Topic: ✔ Simple question about syntax/notation


view this post on Zulip Kard Zorn (Feb 12 2022 at 10:03):

I'm having trouble understanding a simple proof because of notation.

forall (l l' : list nat) (x a : nat),
perm' l l' ->
(if x =? a then S (num_oc x l) else num_oc x l) =
num_oc x (insere a l')

I don't get what the S () means. What is the difference between S (num_oc x l) and (num_oc x l)?

view this post on Zulip Enrico Tassi (Feb 12 2022 at 10:16):

try Print nat.

view this post on Zulip Kard Zorn (Feb 12 2022 at 10:24):

Enrico Tassi said:

try Print nat.

Inductive nat : Set :=  O : nat | S : nat -> nat.
Arguments S _%nat_scope

I still don't get what it means exactly. S is like a function "Set" that maps nat -> nat? What does it do to (num_oc x l), where (num_oc x l) is the number of occurrences of x in the list l?

view this post on Zulip Gaëtan Gilbert (Feb 12 2022 at 10:57):

S foo is 1 + foo

view this post on Zulip Gaëtan Gilbert (Feb 12 2022 at 10:57):

S means successor

view this post on Zulip Enrico Tassi (Feb 12 2022 at 12:53):

May I suggest you start by reading some introductory material to Coq? Depending on your interest there are many. What do you want to do with Coq?

view this post on Zulip Karl Palmskog (Feb 12 2022 at 12:56):

see here for an overview of some material: https://github.com/coq-community/awesome-coq#books

In particular, we often recommend https://softwarefoundations.cis.upenn.edu

view this post on Zulip Kard Zorn (Feb 12 2022 at 14:43):

Gaëtan Gilbert said:

S foo is 1 + foo

Gaëtan Gilbert said:

S means successor

That makes a lot more sense now!

Enrico Tassi said:

May I suggest you start by reading some introductory material to Coq? Depending on your interest there are many. What do you want to do with Coq?

No problem! I did try and search for it on a few online materials, but I didn't find anything more explicit about S being the succ. I'm taking classes on Mathematical and Computational Logic and Algorithm Analysis, both use coq (or pvs or any other proof assistant).
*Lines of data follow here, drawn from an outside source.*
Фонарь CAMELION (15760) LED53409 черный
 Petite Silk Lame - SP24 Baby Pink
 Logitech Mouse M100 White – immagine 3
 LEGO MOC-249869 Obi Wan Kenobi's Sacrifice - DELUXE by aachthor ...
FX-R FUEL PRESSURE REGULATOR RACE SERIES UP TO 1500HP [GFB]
But I am indeed mentally challenged.

view this post on Zulip Kard Zorn (Feb 12 2022 at 14:43):

Karl Palmskog said:

see here for an overview of some material: https://github.com/coq-community/awesome-coq#books

In particular, we often recommend https://softwarefoundations.cis.upenn.edu

Thanks a lot!

view this post on Zulip Enrico Tassi (Feb 12 2022 at 16:15):

Great! Good learning then.

view this post on Zulip Notification Bot (Feb 12 2022 at 16:15):

Enrico Tassi has marked this topic as resolved.


Last updated: Feb 06 2023 at 12:04 UTC